The Senate voted 98 to 1 today in favor of the nomination of Dr. Louis W. Sullivan as health and human services secretary, after being told he will be “a caring advocate” for millions of poor Americans.
The sole dissenting vote was cast by Sen. Jesse Helms (R-N.C.), who said he was disturbed that Sullivan has declined to take a final position on several abortion-related issues, including whether the federal government should back medical research using tissue from aborted fetuses.
Sen. Lloyd Bentsen (D-Tex.) praised the Atlanta doctor’s commitment to providing health care for the needy and said his policies at HHS will define President Bush’s call for a “kinder, gentler America.” Sullivan will be the only black in Bush’s Cabinet.
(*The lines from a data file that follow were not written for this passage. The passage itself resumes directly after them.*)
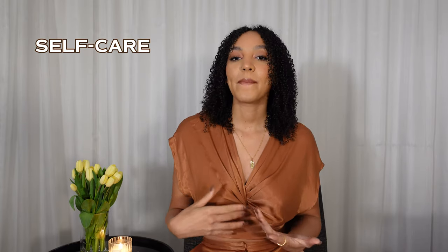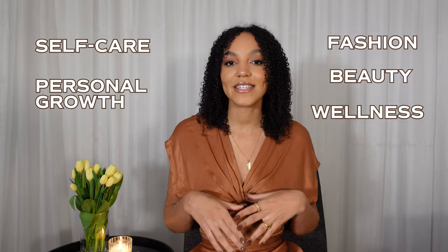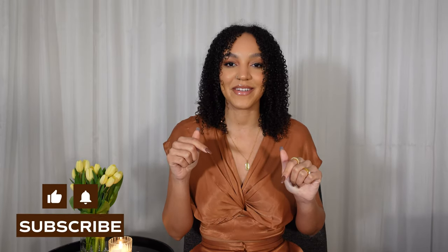Hello, beautiful people. Welcome back to my channel. If you're new here, my name is Lara and I make videos about self-care, personal growth, fashion, beauty, wellness, and the likes. So if that sounds like your cup of tea, please go ahead and hit that subscribe button.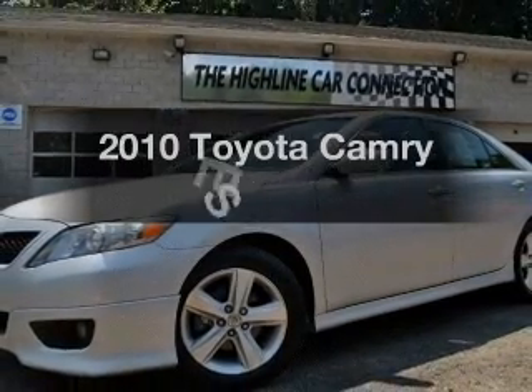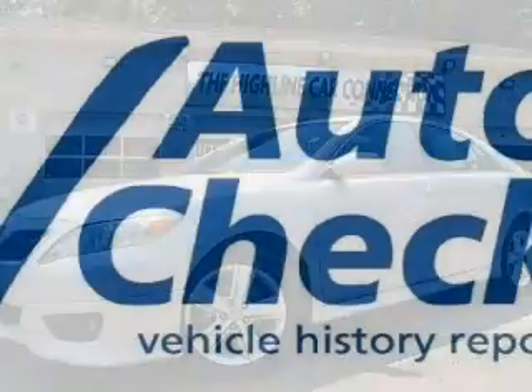Presenting the 2010 Toyota Camry. If you're looking for a first-rate auto, this one could be yours today.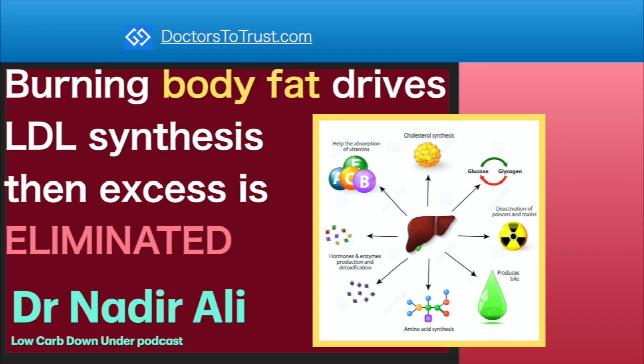Burning body fat drives LDL synthesis, then excess is eliminated. Dr. Nadir Ali.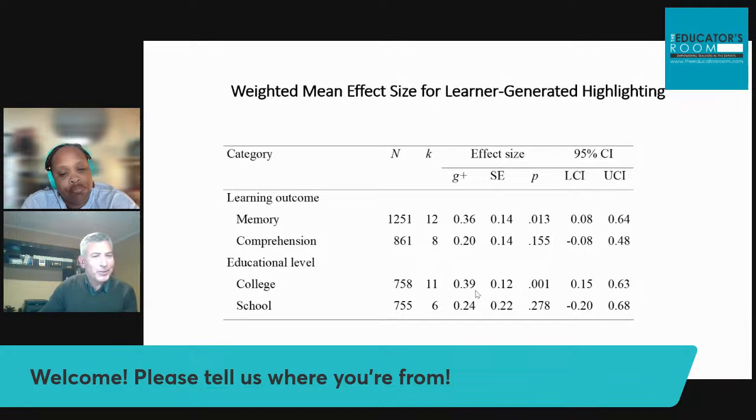At the college level, students also have difficulties improving using highlighting. The effect size of 0.39 is just on the boundary of being an effective technique. At the school level, on average, it's not very effective. Our main result is that highlighting can be effective, but only for retention — for memorization of material — not strongly for comprehension.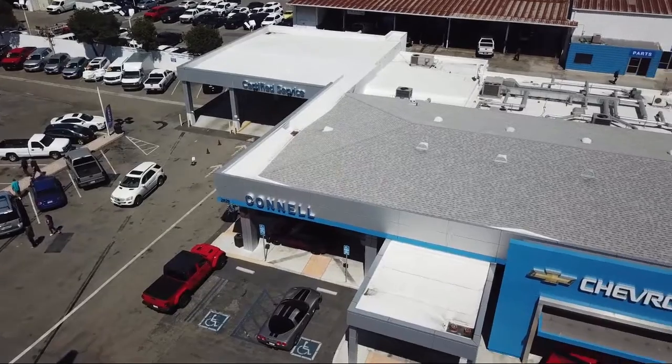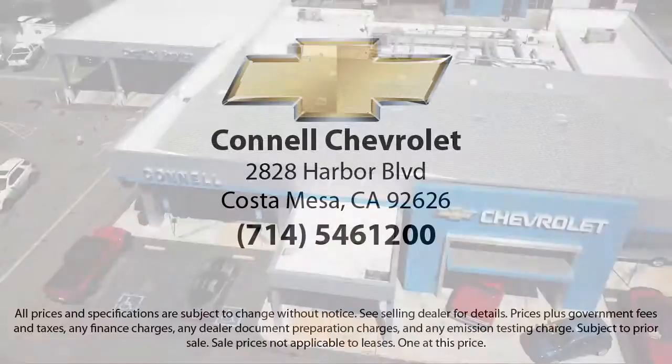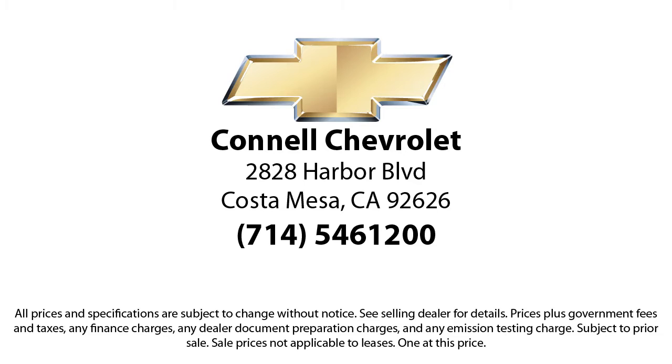So come see us today on our massive lot with over six acres of Chevrolets. Connell Chevrolet is located at 2828 Harbor Boulevard in Costa Mesa.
“I am confident Dr. Sullivan is going to be a caring advocate for these millions of Americans,” Bentsen said as Republicans and Democrats alike praised the nomination.
Sullivan won 19-0 approval in the Senate Finance Committee last week and no opposition surfaced Monday at a courtesy hearing before the Senate Labor and Human Resources Committee, which did not vote separately on the nomination.
Most senators on the two panels were highly complimentary of Sullivan, a 55-year-old blood specialist who founded the Morehouse School of Medicine in Atlanta and will step down as its president to take the HHS job.
Few displayed much interest in Sullivan’s views on abortion, an issue that has caused controversy for the nominee since his remarks in the Atlanta Journal Constitution that he favored abortion rights and to Sen. Bob Packwood (R-Ore.) that he supported the Supreme Court decision that legalized abortion.